La nostra società non è del tutto cosciente dell’ingiustizia profonda che ci circonda e della
sofferenza che cerca di occultare, a partire da quella degli animali.
Come affermava la filosofa americana Karen Warren ci riteniamo inaffondabili, proprio
come il “Titanic”, ma l’irrazionalità di un sistema così violento non può che condurci
all’autodistruzione.
Dovremmo fermarci a riflettere per comprendere la nostra interconnessione con la natura e
gli animali, che giudichiamo in base ai nostri codici e parametri, ma che dovremmo
rispettare nella loro diversità.
Stiamo parlando di individui che rappresentano il nostro lato più innocente e libero: ignorare
e persino odiare gli altri esseri viventi è un po’ come limitare e persino uccidere una parte di
noi.
Essi non vogliono somigliarci, preservano purezza e integrità, nonostante tutto quello che
gli stiamo facendo; ma è la prospettiva empatica quella che può salvarci, uno sguardo nuovo
sul mondo e tutti i suoi abitanti.
Quello che portò la filosofa Val Plumwood a rispettare e salvare da morte certa il suo
“aggressore”: un coccodrillo.
Il rettile attaccò la scrittrice mentre si trovava in canoa, da sola, nel parco Kakadu in
Australia. Riuscì a salvarsi fuggendo a piedi, ferita, per alcuni chilometri.

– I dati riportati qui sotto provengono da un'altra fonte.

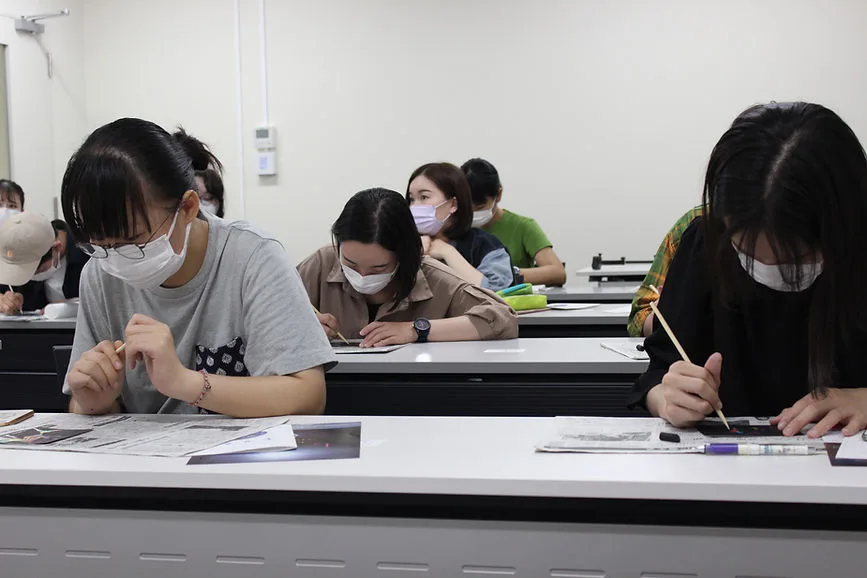 参加者が教室でアート作品を制作する様子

Un incidente che fece scaturire profonde riflessioni nell’attivista australiana, in particolare
sul ruolo degli esseri umani nella catena trofica e sulla biodiversità.
Il racconto dell’incidente fu manipolato dai media come mezzo di propaganda contro chi si
batteva per la difesa dei coccodrilli, ma una volta uscita dall’ospedale la studiosa riuscì a
raccontare la propria versione e la sua scelta di non voler uccidere l’animale.
Una grande lezione di umiltà e di rispetto verso le altre creature che con noi condividono la
catena della vita.
Nella Giornata Internazionale della Pace, celebrata lo scorso 21 settembre, la scienziata
Jane Goodall ci ha ricordato come tutelare gli animali oggi equivalga a salvare noi stessi e il
futuro della Terra, sta a noi scegliere da che parte stare.